## PROBLEM STATEMENT
Leaving out the images, return the data below exactly as it is written.

## DATA BLOCK
━━━━━━━━━━━━━━━━
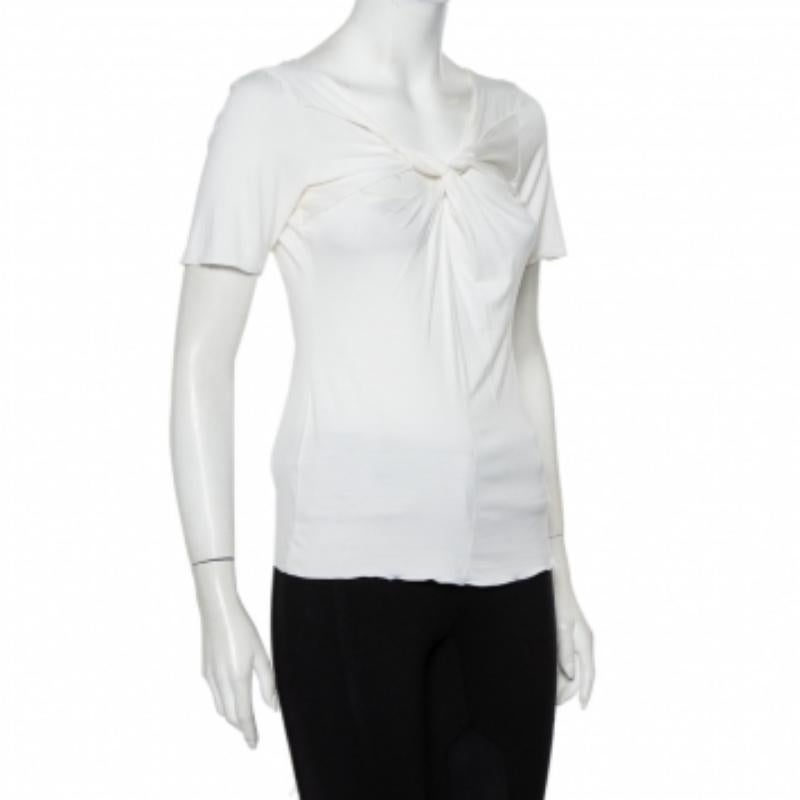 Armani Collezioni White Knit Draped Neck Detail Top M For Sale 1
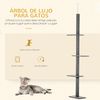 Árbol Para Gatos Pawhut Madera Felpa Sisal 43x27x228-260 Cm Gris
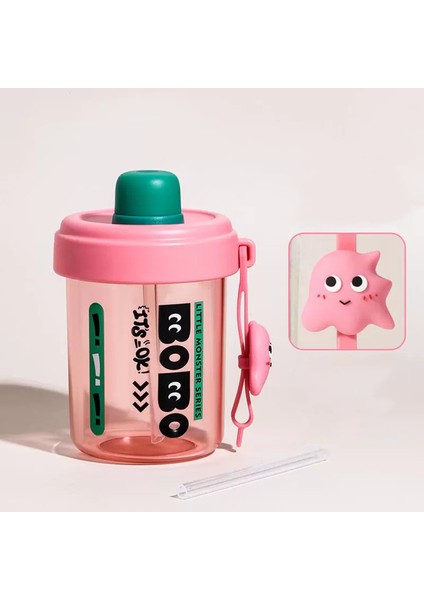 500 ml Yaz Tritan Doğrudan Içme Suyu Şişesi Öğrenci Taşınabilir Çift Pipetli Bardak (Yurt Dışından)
━━━━━━━━━━━━━━━━
## WRITTEN ANSWER
 Armani Collezioni White Knit Draped Neck Detail Top M For Sale 1
 Árbol Para Gatos Pawhut Madera Felpa Sisal 43x27x228-260 Cm Gris
 500 ml Yaz Tritan Doğrudan Içme Suyu Şişesi Öğrenci Taşınabilir Çift Pipetli Bardak (Yurt Dışından)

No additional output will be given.